Beim Gedanken an Richter und Corona-Maßnahmen kommt den meisten Bürgern wohl in den Sinn, dass die Männer und Frauen in Roben Bußgelder gegen „Corona-Sünder“ verhängen oder bestätigen – etwa wegen Verstößen gegen die Maskenpflicht, die Kontaktgebote oder die Abstandsregeln. Umso erstaunlicher ist, dass nun ausgerechnet ein Richter die Menschen in Deutschland dazu aufruft, sich gegen Corona-Bußgelder zu wehren! Sie sollten vor Gericht ziehen, wenn der Staat ihre Freiheiten auf „rechtswidrige Weise“ einschränke, so der Appell des Richters Thorsten Schleif.

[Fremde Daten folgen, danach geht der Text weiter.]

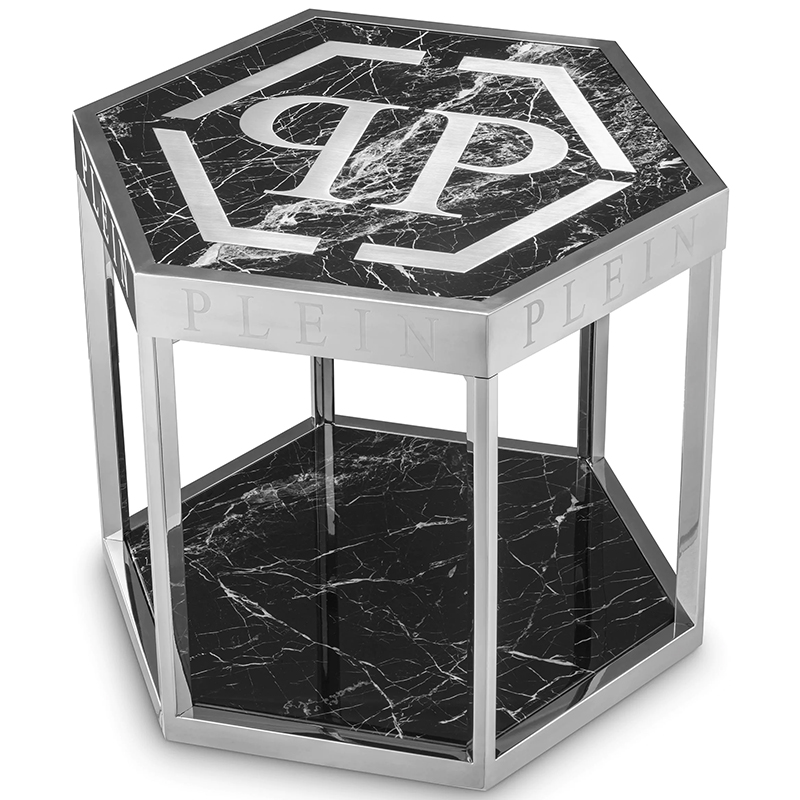 Приставной стол Philipp Plein Side Table Billionaire Chrome Хром Черный Мрамор Nero в Казани | Loft Concept 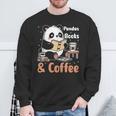 Books Reading Reader Panda Panda Books And Coffee Sweatshirt Gifts for Old Men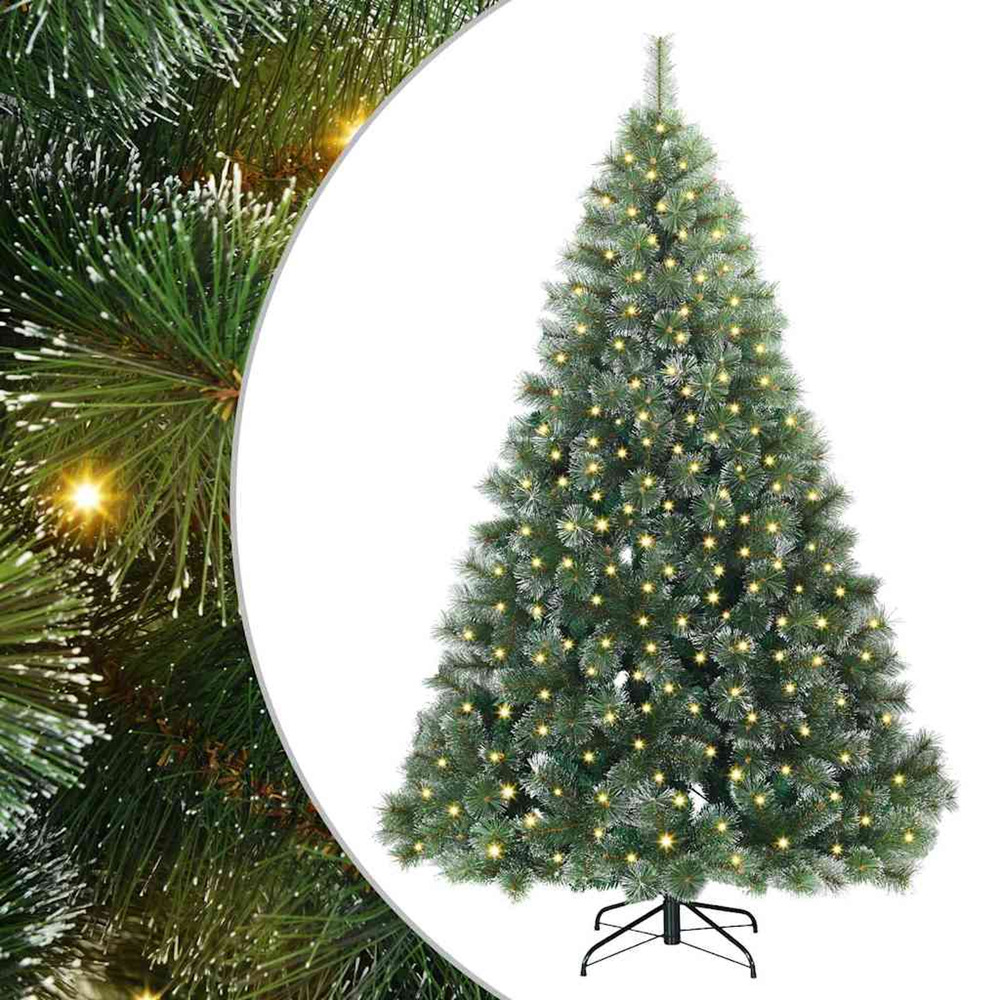 Sapin de noël artificiel avec 300 led vert 210 cm pe et pvc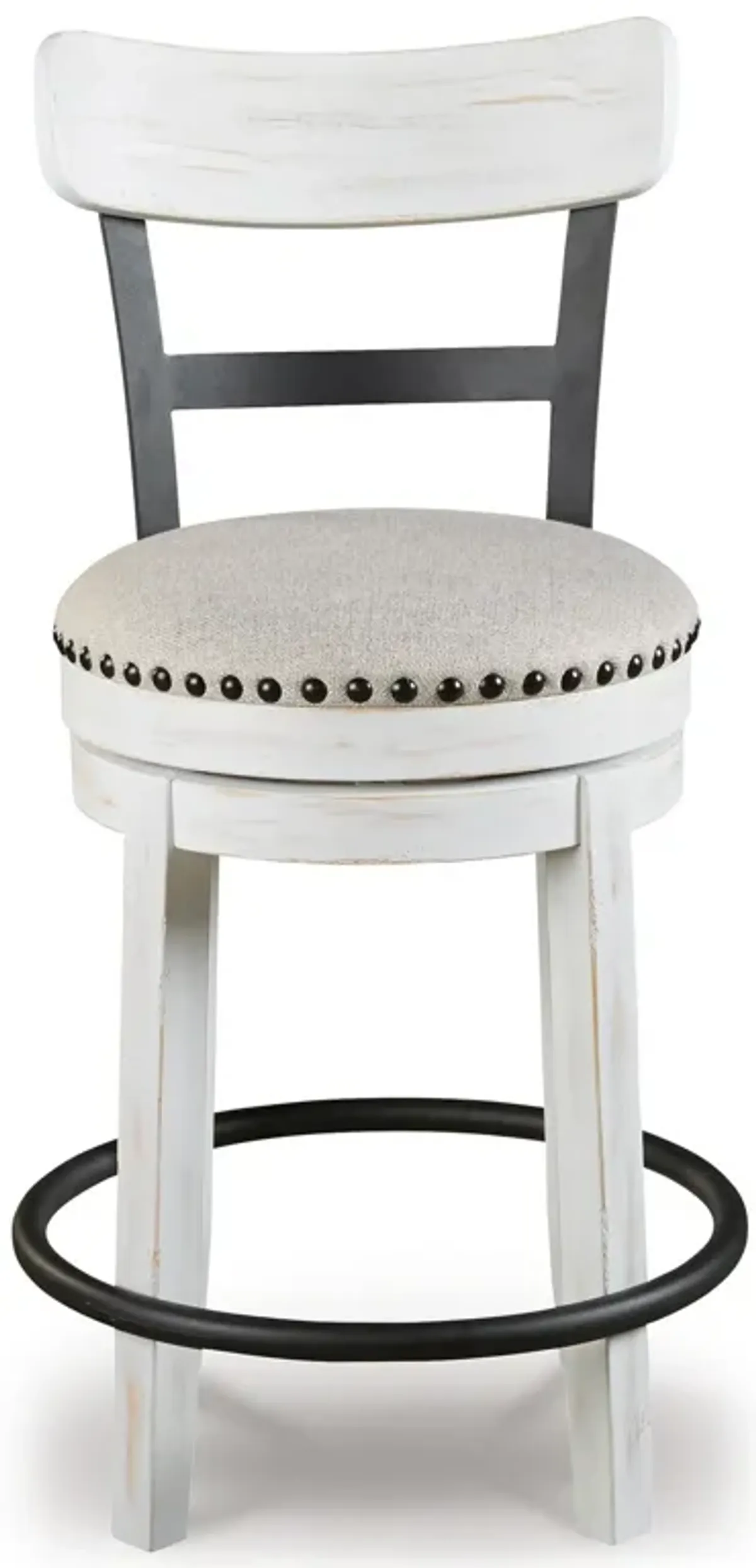 Zane 25 Inch Swivel Counter Height Stool, Round Cushioned Seat, White Wood - Benzara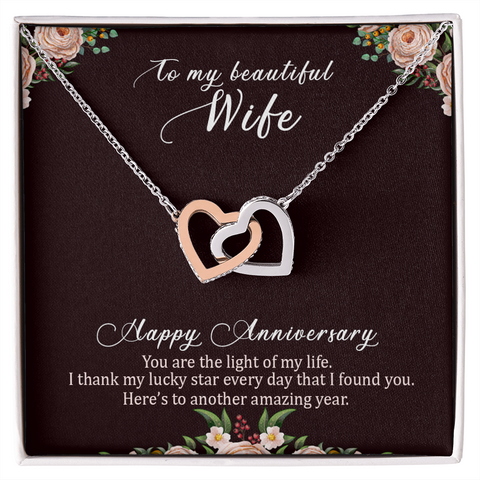 Anniversary Interlocking Hearts Necklace for Wife | Custom Heart Design 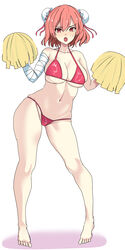  amisu bandaged_arm bandages barefoot bikini bra breasts cheerleader collarbone double_bun feet female full_body hair_bun highres holding holding_pom_poms ibaraki_kasen looking_at_viewer medium_hair midriff navel one-hour_drawing_challenge pink_hair pom_pom_(cheerleading) red_bra red_eyes solo swimsuit thighs touhou underwear 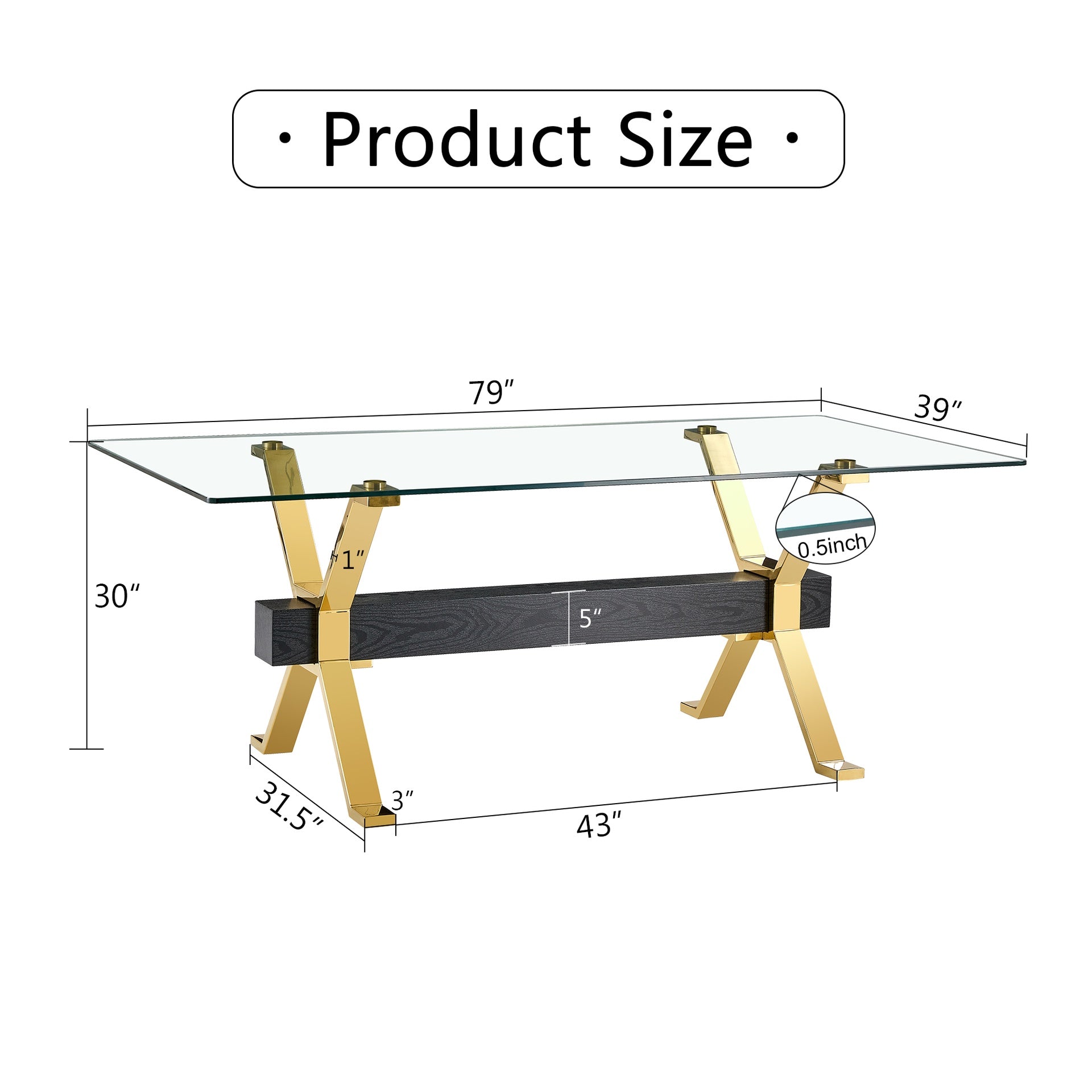1 table and 8 chairs. Modern, simple and luxurious tempered glass rectangular dining table and desk with 8 white PU gold plated leg chairs 79''x39''x30''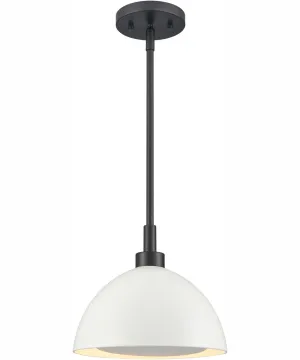 Pelham 10'' Wide 2-Light Pendant - Matte Black/Matte White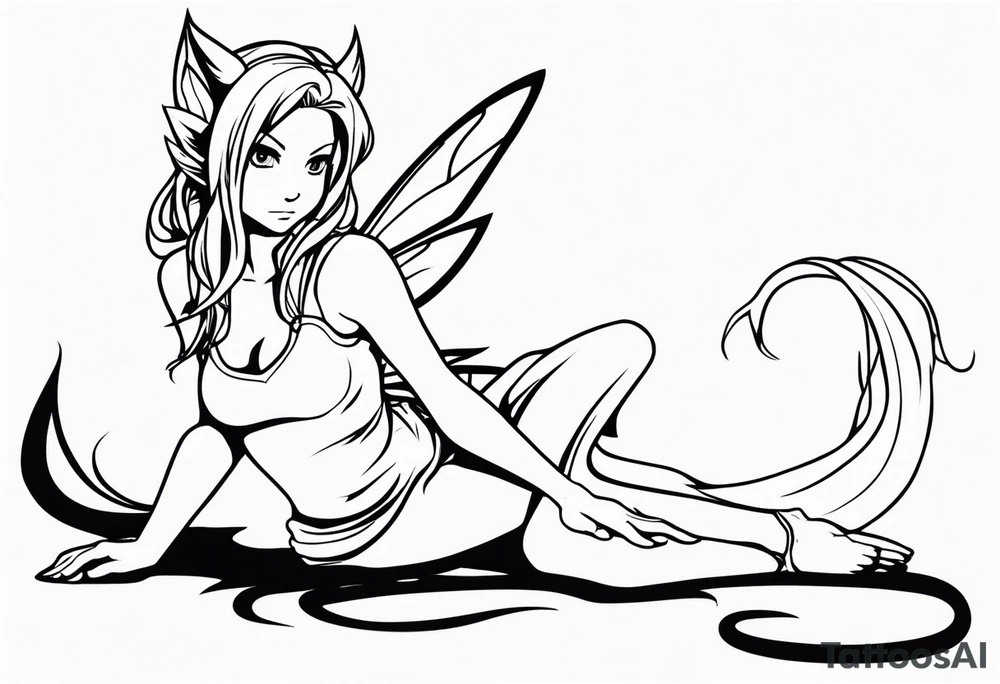 No background and no color sketch of a fairy with a tail inspired by the guild symbol in the anime show called Fairy Tail in a fetal position leaning in and forward while crawled in tattoo idea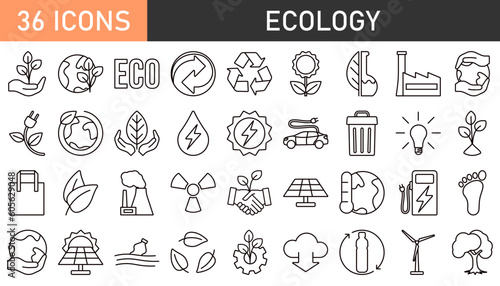 Linear ecology icons. Eco friendly related icon set in minimal style.
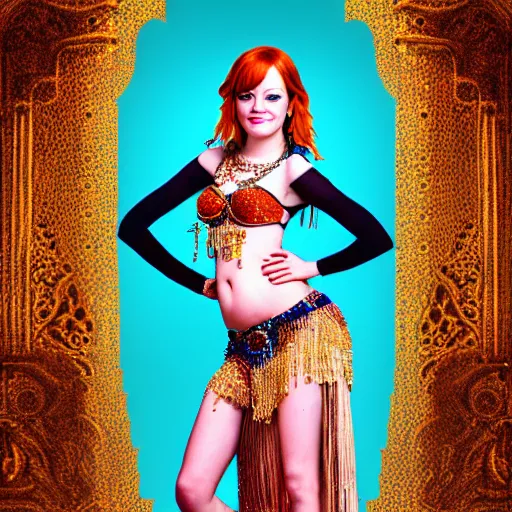 Image similar to a digital portrait of emma stone dressed as a belly dancer, arabian night, high quality, fully detailed, 4 k, in focus face with fine details
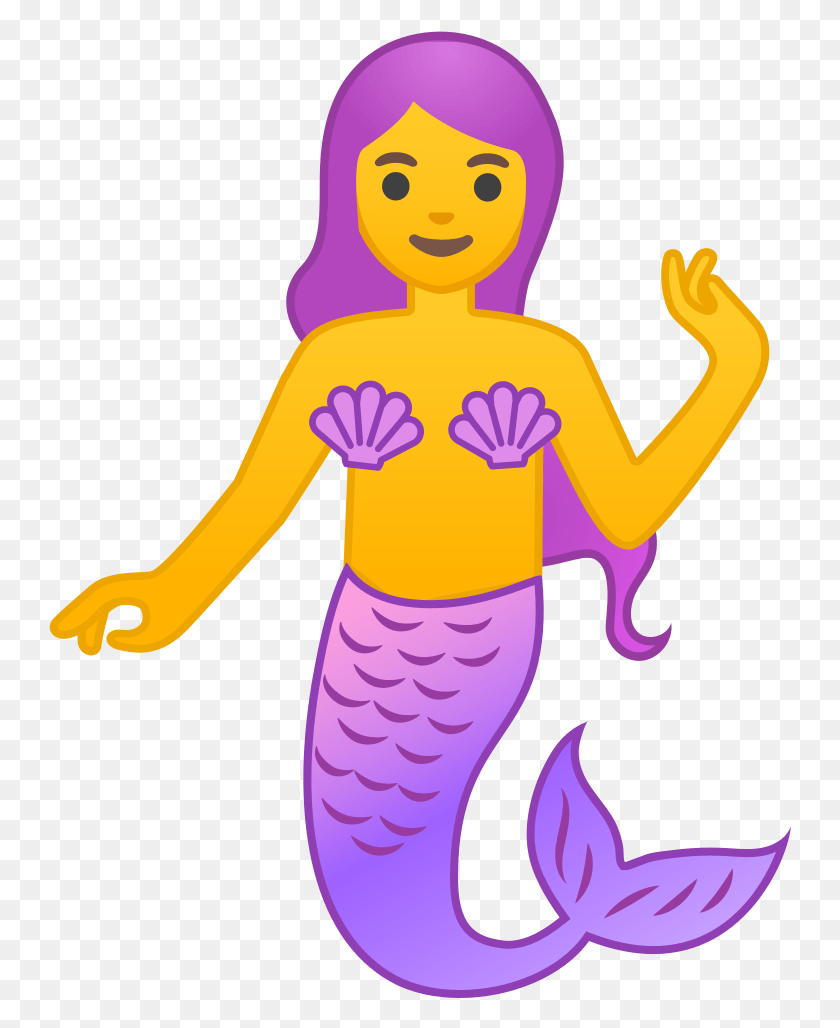 743x968 Descargar Png Transparente Purple Mermaid Clipart Google Mermaid Emoji, Cara, Manga, Ropa Hd Png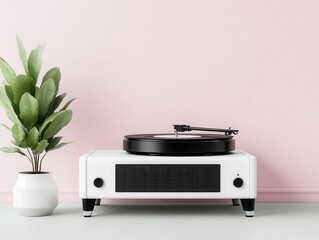 Stylish retro turntable and green plant against pastel pink wall for minimalist home decor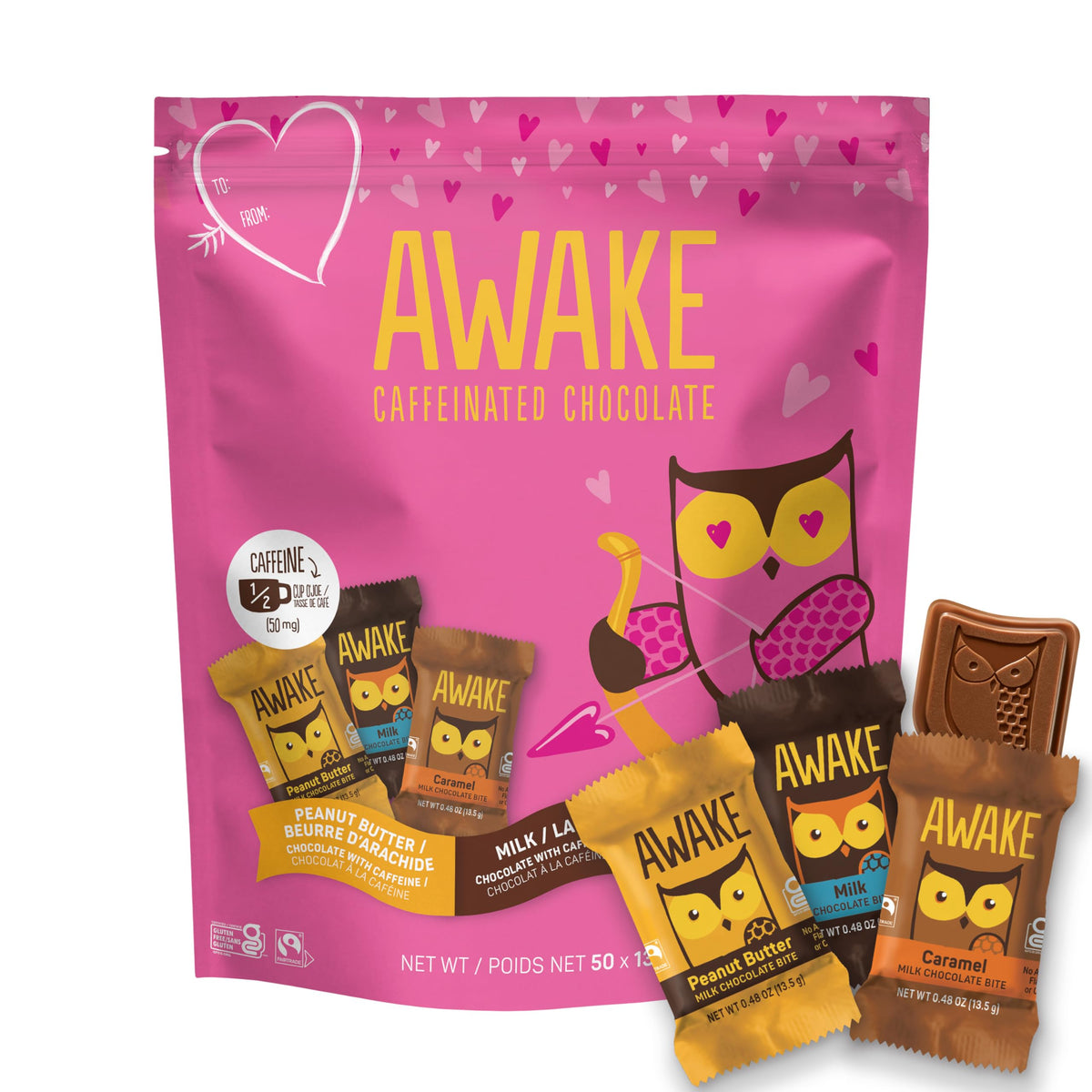 AWAKE - Caffeinated Chocolate Bites - Caramel Milk Chocolate, 50 Count - 50mg Caffeine - Individually Wrapped Energy Bites - Coffee Alternative - Fairtrade, Gluten Free, Non GMO - 0.48oz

Bei Verstößen gegen die Corona-Regeln drohen je nach Bundesland bis zu 25.000 Euro Bußgeld. Immer mehr Menschen wehren sich dagegen und ziehen gegen die Strafen vor Gericht, wie Focus Online (FOL) berichtet. In Berlin und München gab es demnach in den ersten beiden Monaten 2021 schon fast so viele Fälle wie im ganzen Jahr 2020. Die Plattform spricht von einer „Einspruchs- und Klageflut im Zusammenhang mit den Infektionsschutzmaßnahmen“, die sich auf den Justizbetrieb auswirke.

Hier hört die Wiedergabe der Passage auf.